Instructions to follow: Your copy should repeat each record exactly and contain none of the pictures.

(Web page caption snippets)
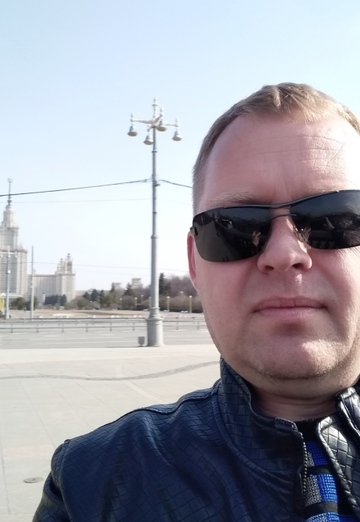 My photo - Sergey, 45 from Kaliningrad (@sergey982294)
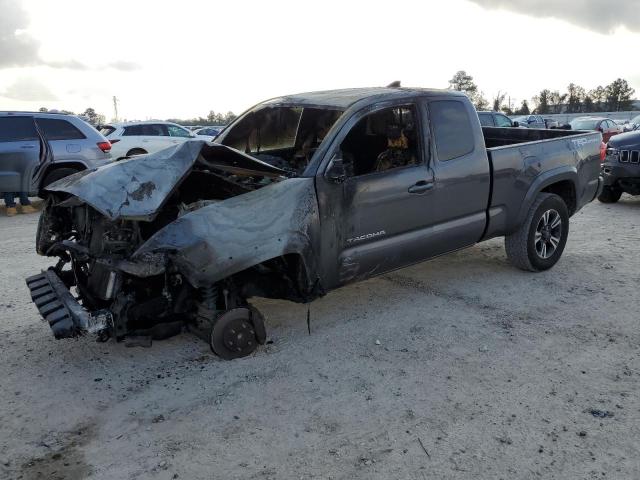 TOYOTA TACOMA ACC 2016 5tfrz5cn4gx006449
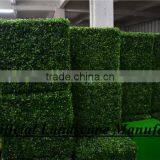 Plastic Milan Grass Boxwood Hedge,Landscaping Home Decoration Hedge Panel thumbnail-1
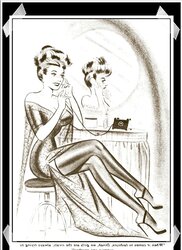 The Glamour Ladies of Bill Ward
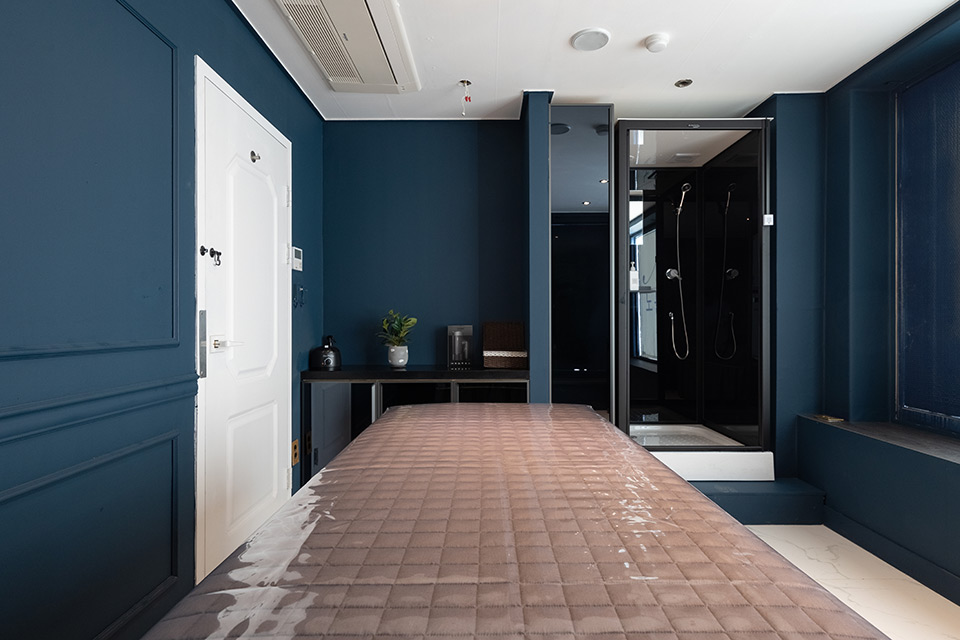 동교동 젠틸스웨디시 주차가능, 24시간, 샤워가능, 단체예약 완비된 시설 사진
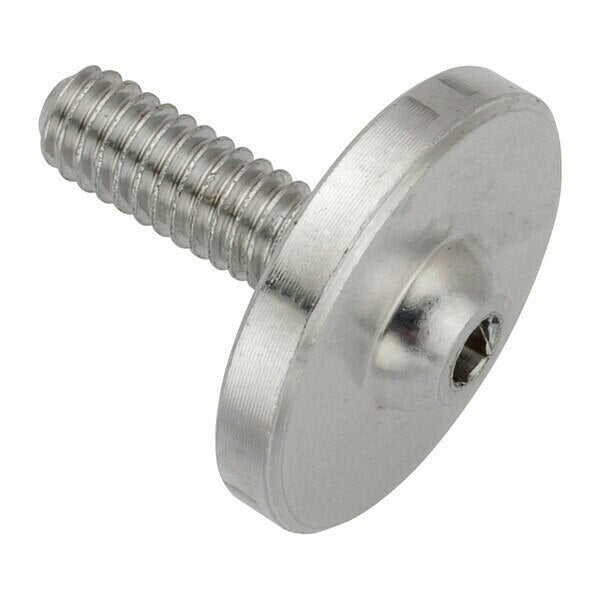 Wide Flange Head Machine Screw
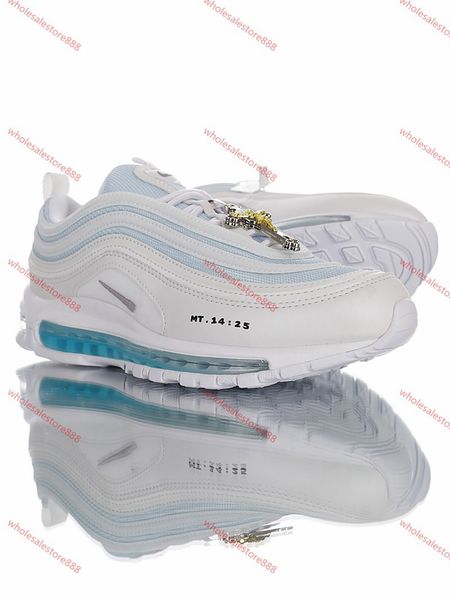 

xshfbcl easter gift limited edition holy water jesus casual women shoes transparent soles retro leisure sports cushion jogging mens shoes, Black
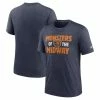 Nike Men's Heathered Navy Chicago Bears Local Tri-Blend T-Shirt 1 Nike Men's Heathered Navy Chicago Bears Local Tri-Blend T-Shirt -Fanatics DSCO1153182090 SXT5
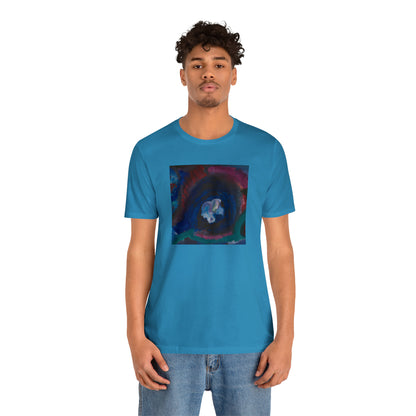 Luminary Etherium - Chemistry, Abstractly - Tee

Your response:
 My photo - Sergey, 45 from Kaliningrad (@sergey982294)
 TOYOTA TACOMA ACC 2016 5tfrz5cn4gx006449
 Plastic Milan Grass Boxwood Hedge,Landscaping Home Decoration Hedge Panel thumbnail-1
 The Glamour Ladies of Bill Ward
 동교동 젠틸스웨디시 주차가능, 24시간, 샤워가능, 단체예약 완비된 시설 사진
 Wide Flange Head Machine Screw

xshfbcl easter gift limited edition holy water jesus casual women shoes transparent soles retro leisure sports cushion jogging mens shoes, Black
 Nike Men's Heathered Navy Chicago Bears Local Tri-Blend T-Shirt 1 Nike Men's Heathered Navy Chicago Bears Local Tri-Blend T-Shirt -Fanatics DSCO1153182090 SXT5
 Luminary Etherium - Chemistry, Abstractly - Tee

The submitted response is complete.